Truckers haul 71 percent of America’s freight tonnage, keeping retailers supplied and in business — but not without challenges. Slim margins, emergency needs and mounting daily expenses can halt day-to-day operations — and retail shipments — as truckers can wait more than a month for invoice payments, says Apex Capital Chief Strategy Officer Brian Carlgren. In this month’s Faster Payments Tracker, Carlgren explains how fast, mobile-based factoring can help truckers keep on trucking.
Truckers criss-cross the country hauling everything from grocery store produce to electronic items for retailers, moving 71 percent of U.S. freight tonnage this way in 2017. But despite the high demand for such services, small operators typically struggle with cash flow problems. They operate under slim margins, often making it difficult for them to afford necessary payments as they wait for their invoices to be paid.

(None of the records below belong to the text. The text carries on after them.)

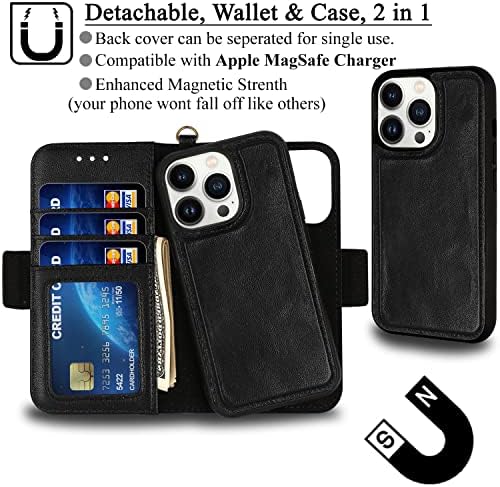 Caixa de carteira de couro genuíno mefon para iPhone 13 Pro Max, compatível com carregamento sem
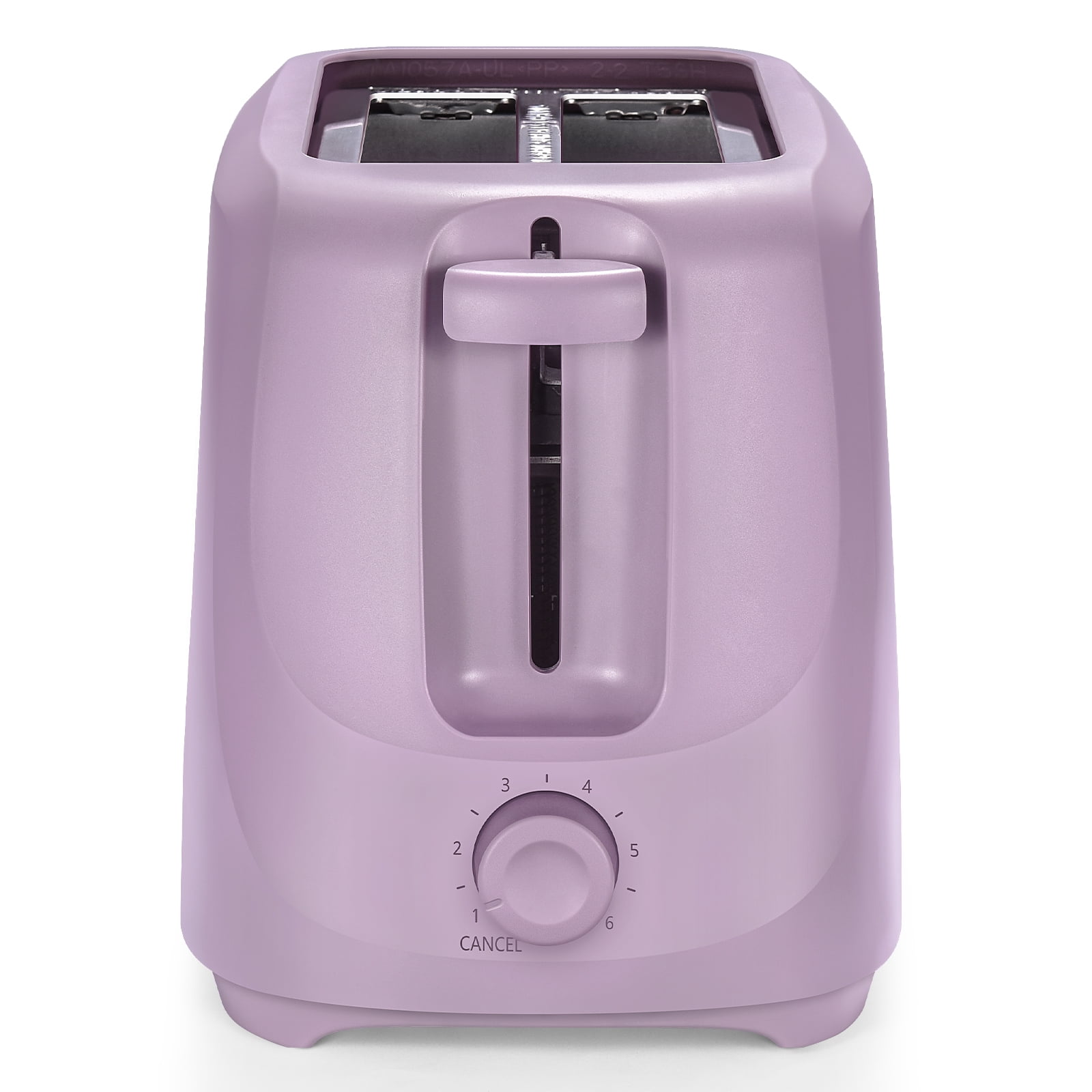 Mainstays 2-Slice Toaster with 6 Shade Settings and Removable Crumb Tray, Lilac Bloom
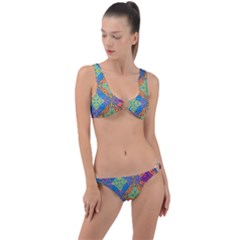 Colorful Floral Ornament, Floral Patterns Ring Detail Crop Bikini Set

“If it’s a two-truck company and one of your trucks breaks down, then you’ve lost the ability to generate half your revenue.” said Brian Calgren, chief strategy officer of truck factoring company Apex Capital. “If margins are thin, how do you overcome that and stay in business?”

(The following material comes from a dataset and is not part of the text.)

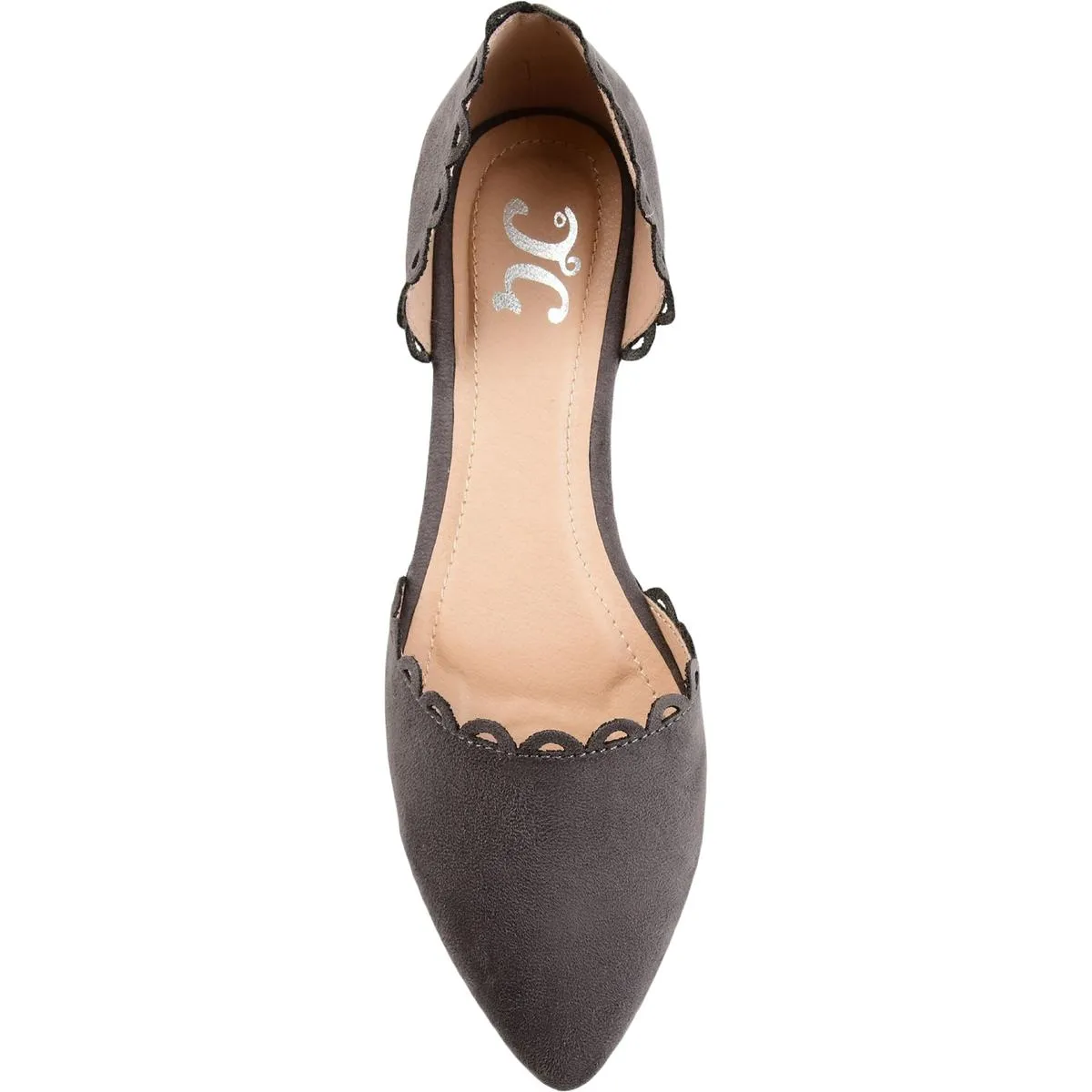 Journee Collection Womens Jezlin Scalloped Slip On Pointed Toe Flats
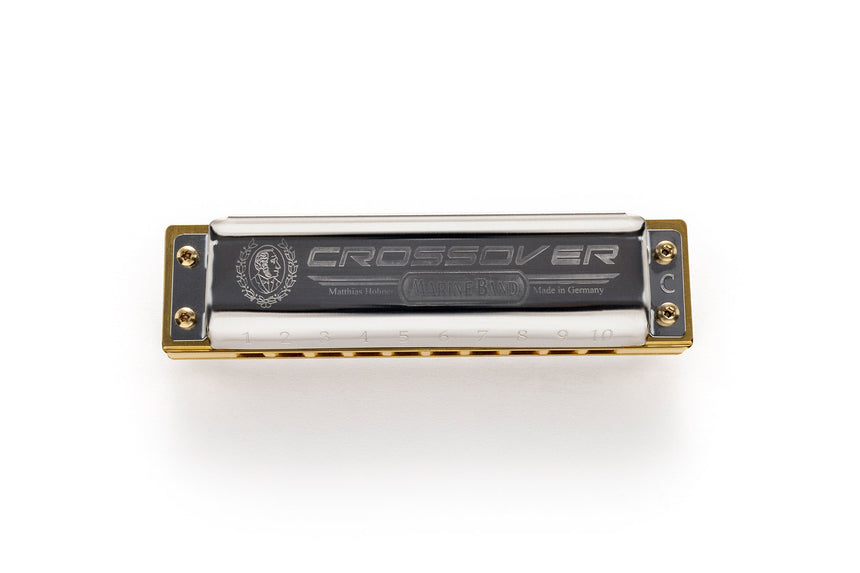 Hohner Marine Band Crossover harmonica, stainless steel and bamboo – top cover, key of C model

Carlgren and Apex chief information officer Jerry Wallace recently spoke with PYMNTS about how faster payment solutions are key to keeping truckers on the road.
Raising the speed limit on payments
The lack of immediate compensation can be a big problem for trucking companies, which often issue invoices with 30-day repayment timelines. Though most shipping clients reliably meet these terms, Carlgren and Wallace said truckers can still struggle to handle necessary purchases like insurance, payroll and refueling supplies while they wait.
“It’s a very capital-intensive industry,” Carlgren noted. “So, by the time you drop a load, you’re already out a lot of … money. To get the next load moving and fuel in the truck, [sometimes] you need to get paid on what you just delivered.”
Companies like Apex help address these issues by offering cash flow assistance and factoring services. It assists in the latter process by buying unpaid invoices from transportation companies at discounted prices. This gives truckers quick, sometimes same-day funding, while the factor collects revenue once the invoice is paid in full.
Apex’s trucker clients can elect to route factor funds onto company-provided closed-loop fuel cards restricted for use at truck stops, or they can receive payments directly into their bank accounts. Money is sent through wire or ACH transfers when clients choose the latter option, and truckers can access the funds once they settle. These settlement timelines are beholden to banks’ often-limited operating hours, however, which can be problematic for drivers who have immediate purchasing needs.
A recent partnership with financial services provider Fiserv is helping Apex develop a solution to enable the instant transfer of funds into bank accounts. Wallace said the option is increasingly in demand because it fits well with truckers’ on-the-go workstyles and can assist them with emergency expenses.
Making service mobile
Transportation companies need more than just quick, 24/7 payments, though. They also want to request their funds without requiring access to computers or the internet, meaning smartphone-ready factoring services are critical.
“By their nature, trucking companies are mobile,” Wallace said. “So, giving them tools that can be present with them [wherever they are] is key to [their] being funded fast.”
Apex offers an app that allows customers to photograph and submit their invoices immediately after they deliver their loads. Truckers can also consult the mobile solution for information about nearby fuel stops and prices, as well as check on their invoices’ statuses.
Factors versus FIs
Factoring is one option available to truckers, but some instead turn to banks for loans. Factors can stand out among the competition by specializing in particular industries and offering invoice management supports.
“If all we were doing is giving money, sure, you [should] go to a bank,” Wallace said. “It doesn’t make sense to pay factoring-type rates for the same money you could get from a bank. It’s all the other things we do that bring the value to what you pay.”
Factoring companies shoulder the work involved in getting invoices paid, for example, though truckers could be financially responsible for unpaid balances in certain situations. Factoring firms also often provide services like invoice follow-ups and status tracking. Such offerings can be helpful to the many small trucking operations in which business owners are also drivers, leaving them with limited time to devote to invoice management.
In addition, factors’ close interactions with particular industries enable them to better assess risk levels involved with specific invoices, making them more likely than traditional FIs to accept these kind of deals.
Steady cash flows are critical to helping trucking companies operate smoothly. Faster payment solutions like mobile factoring with instant payouts can be important to fueling these transportation businesses and the many retailers relying on them to move goods.